**Exercise directions**:
Below are lines of records; copy exactly those from the one containing "Certified 2025 Audi" through the one containing "Signature Triple Room", leaving the pictures behind.

**Materials provided**:
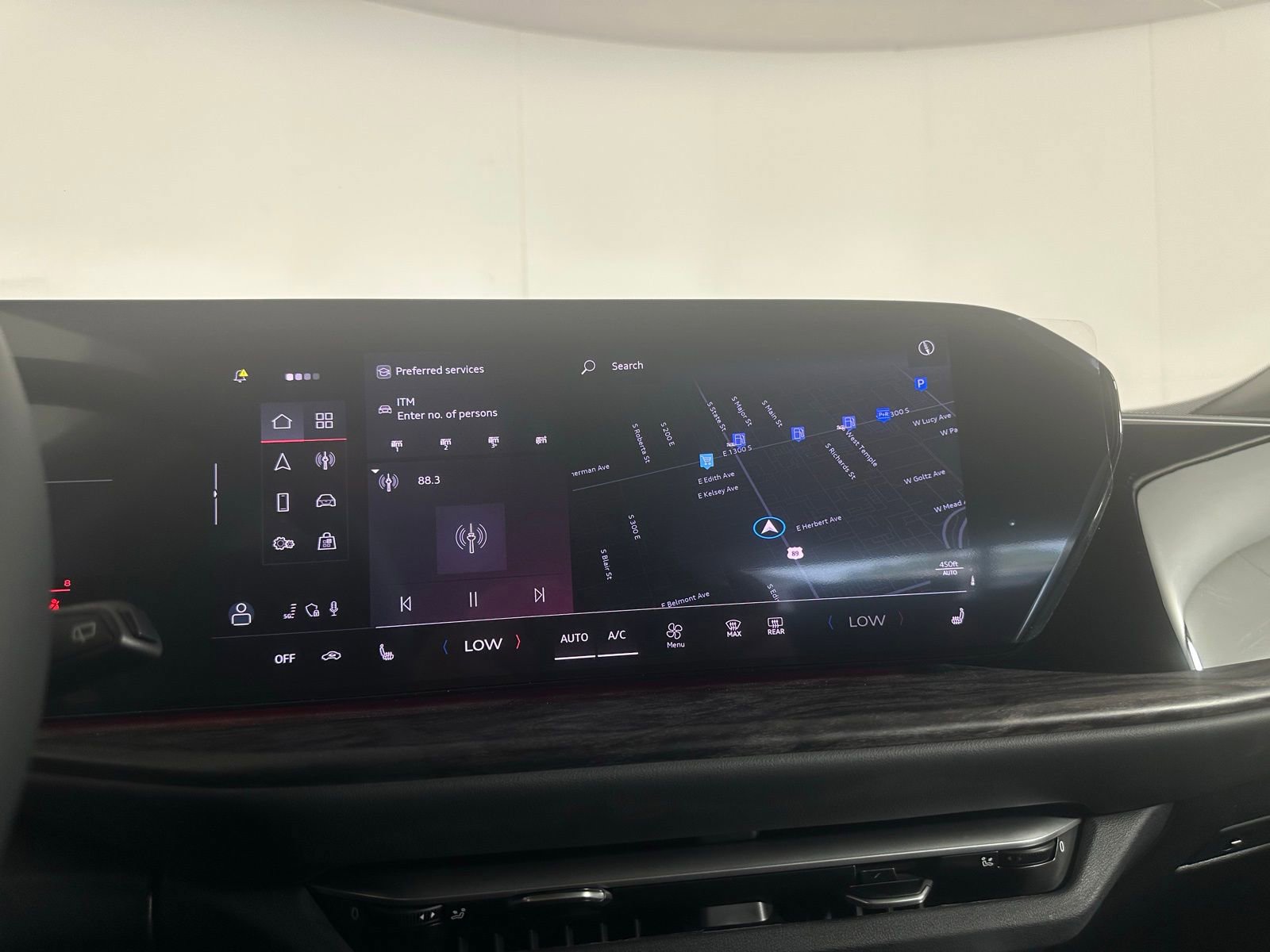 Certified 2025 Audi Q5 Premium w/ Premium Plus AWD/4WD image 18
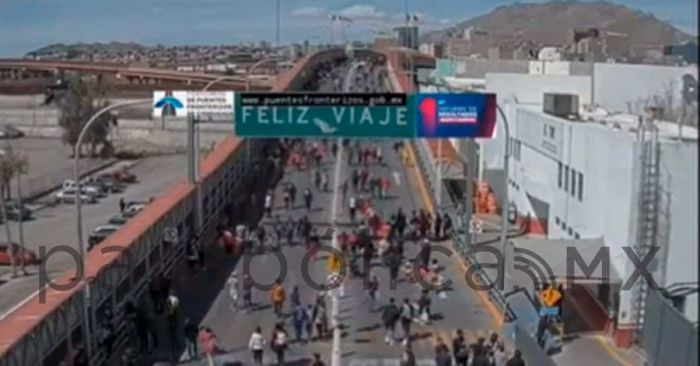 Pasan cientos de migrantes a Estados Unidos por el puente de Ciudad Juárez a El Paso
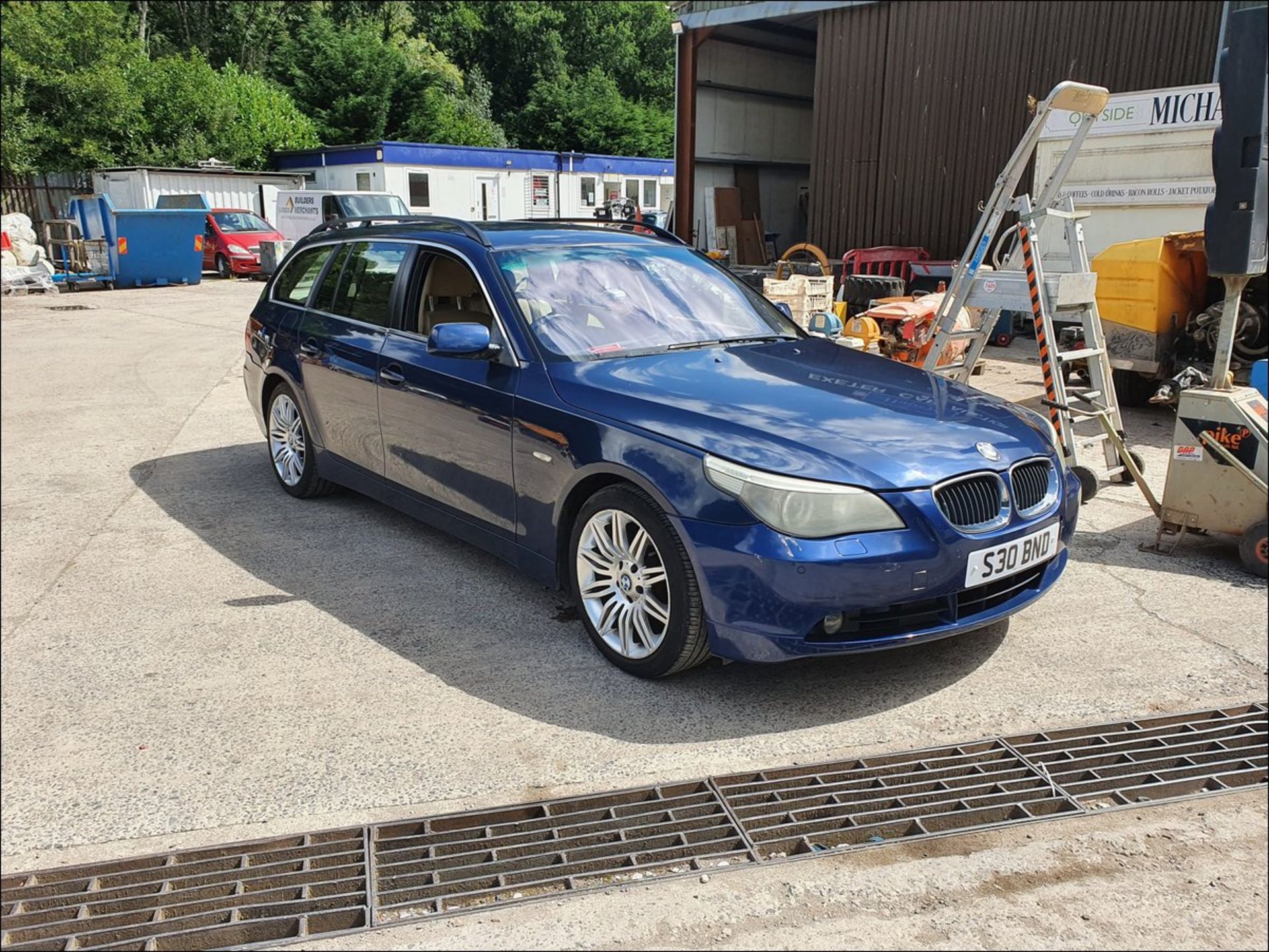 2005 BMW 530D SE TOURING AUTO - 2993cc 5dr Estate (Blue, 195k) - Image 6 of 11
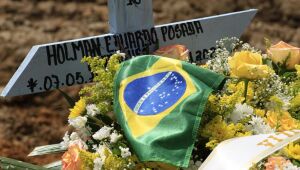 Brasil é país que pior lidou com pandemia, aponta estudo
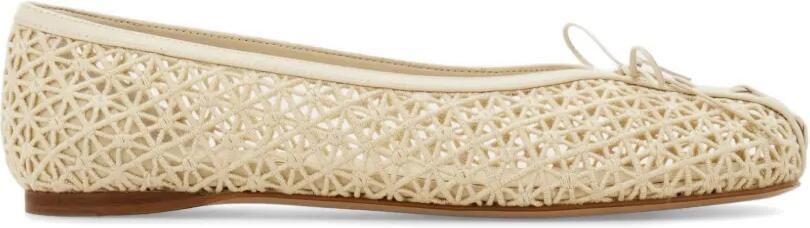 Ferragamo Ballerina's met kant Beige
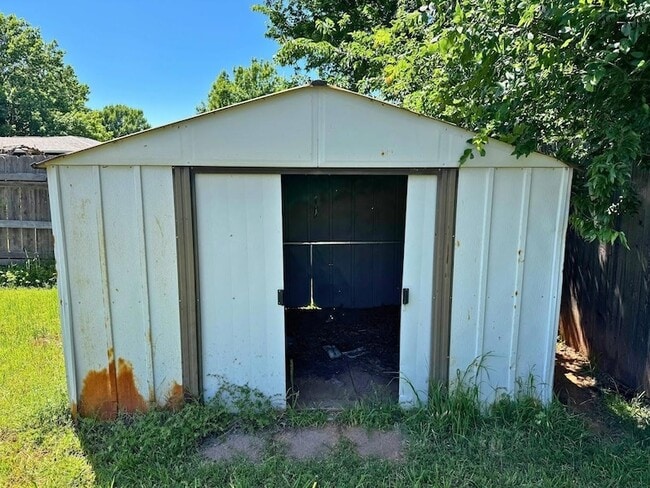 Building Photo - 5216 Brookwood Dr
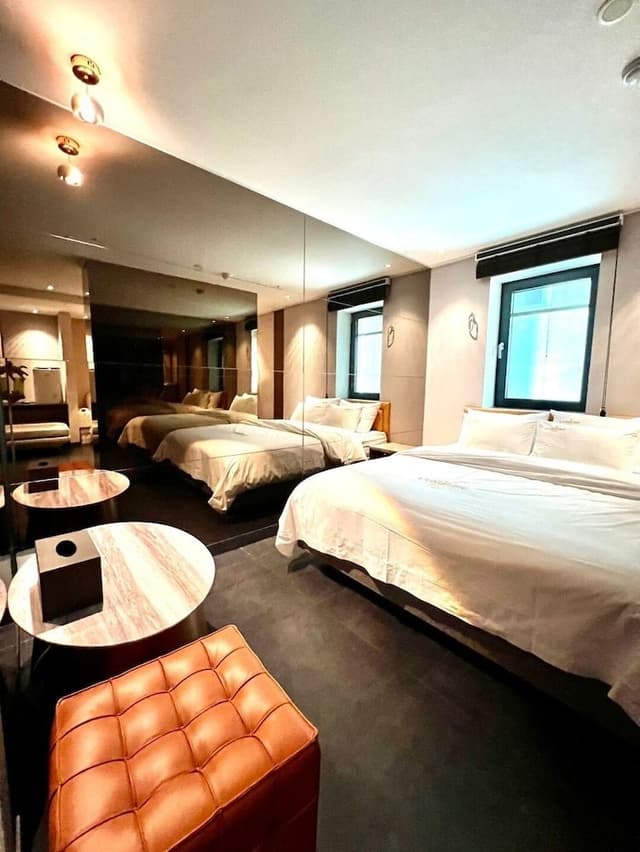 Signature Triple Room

--

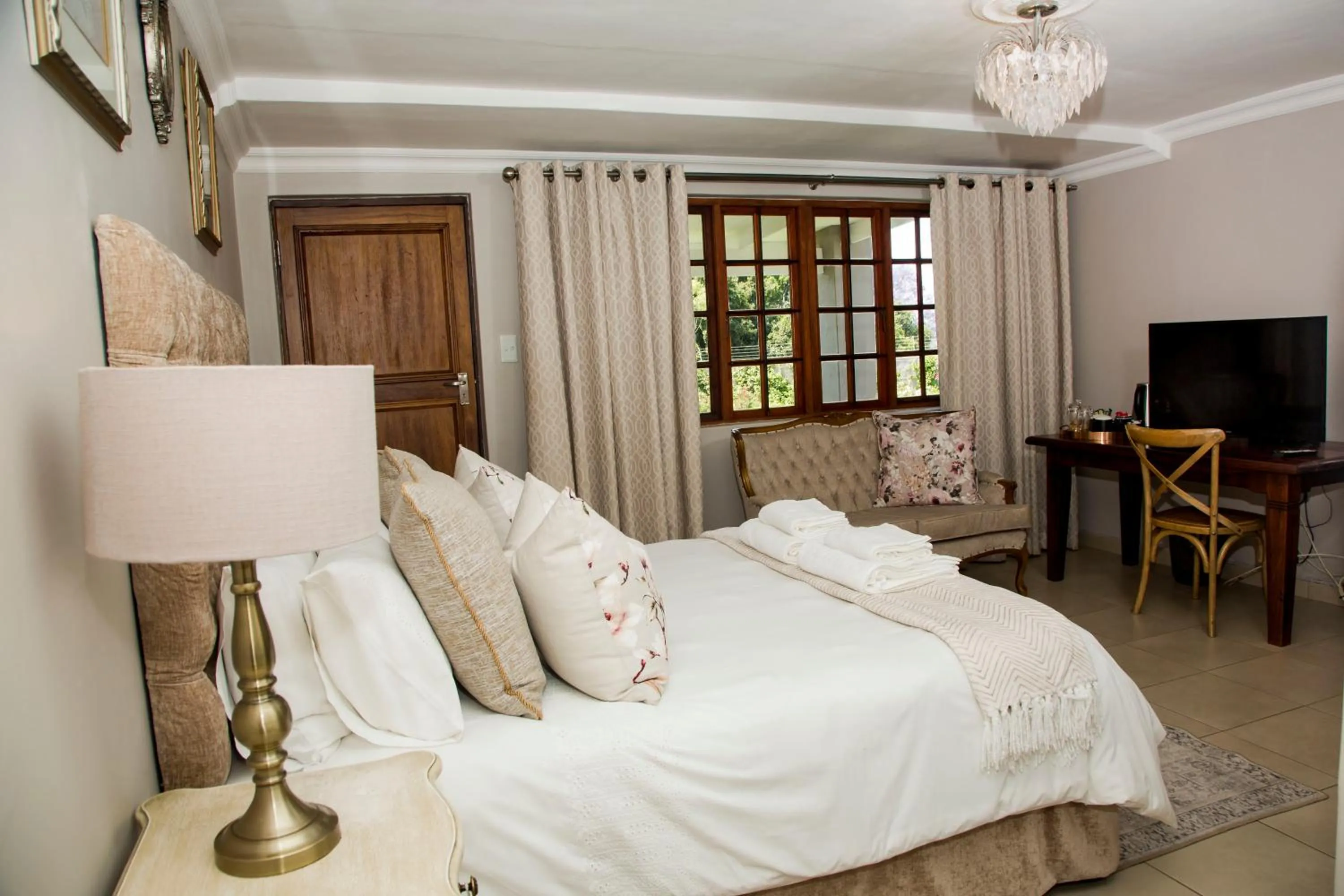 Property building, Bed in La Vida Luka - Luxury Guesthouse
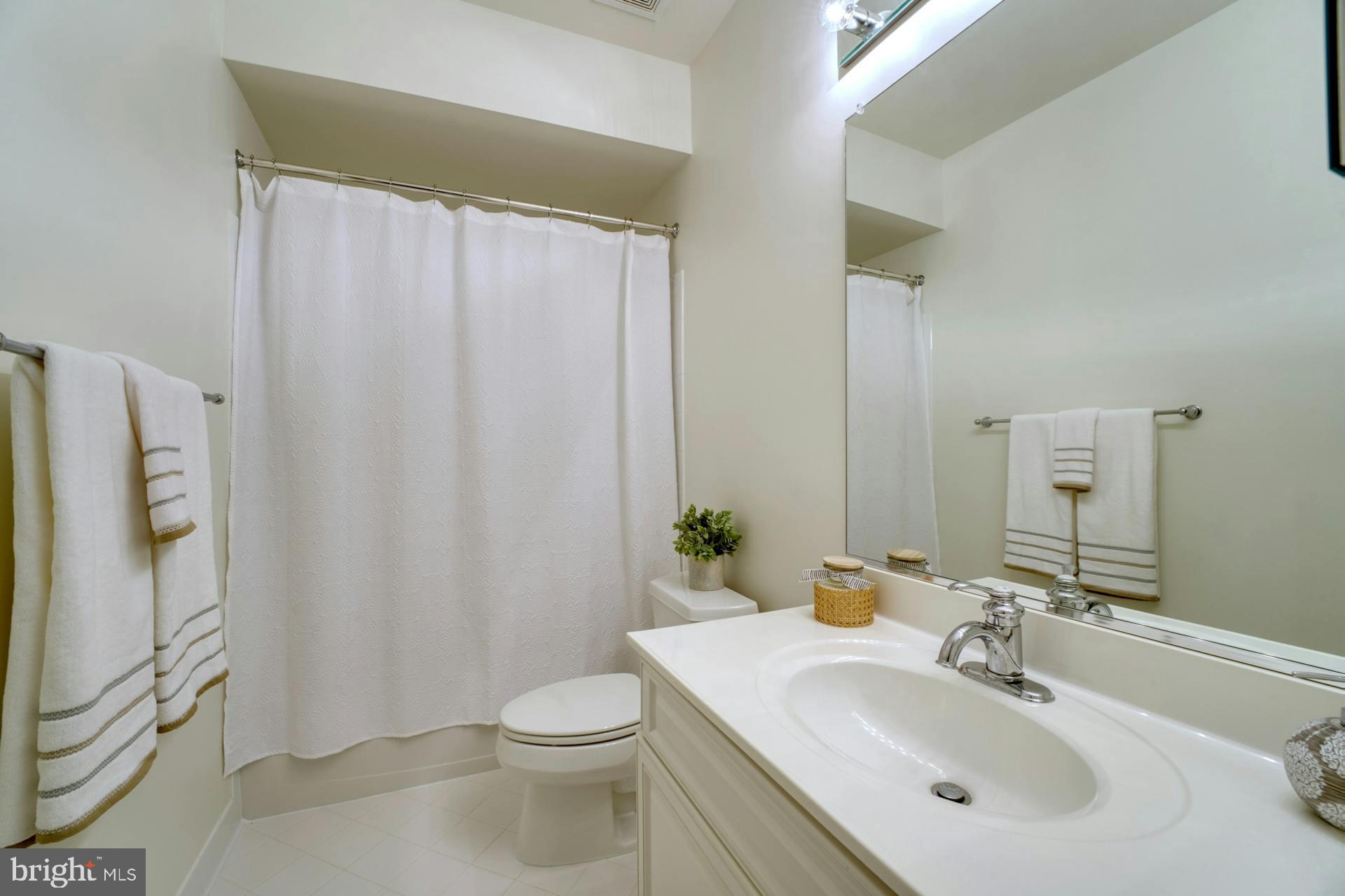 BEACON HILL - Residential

**Solution to this problem**:
 Certified 2025 Audi Q5 Premium w/ Premium Plus AWD/4WD image 18
 Pasan cientos de migrantes a Estados Unidos por el puente de Ciudad Juárez a El Paso
 2005 BMW 530D SE TOURING AUTO - 2993cc 5dr Estate (Blue, 195k) - Image 6 of 11
 Brasil é país que pior lidou com pandemia, aponta estudo
 Ferragamo Ballerina's met kant Beige
 Building Photo - 5216 Brookwood Dr
 Signature Triple Room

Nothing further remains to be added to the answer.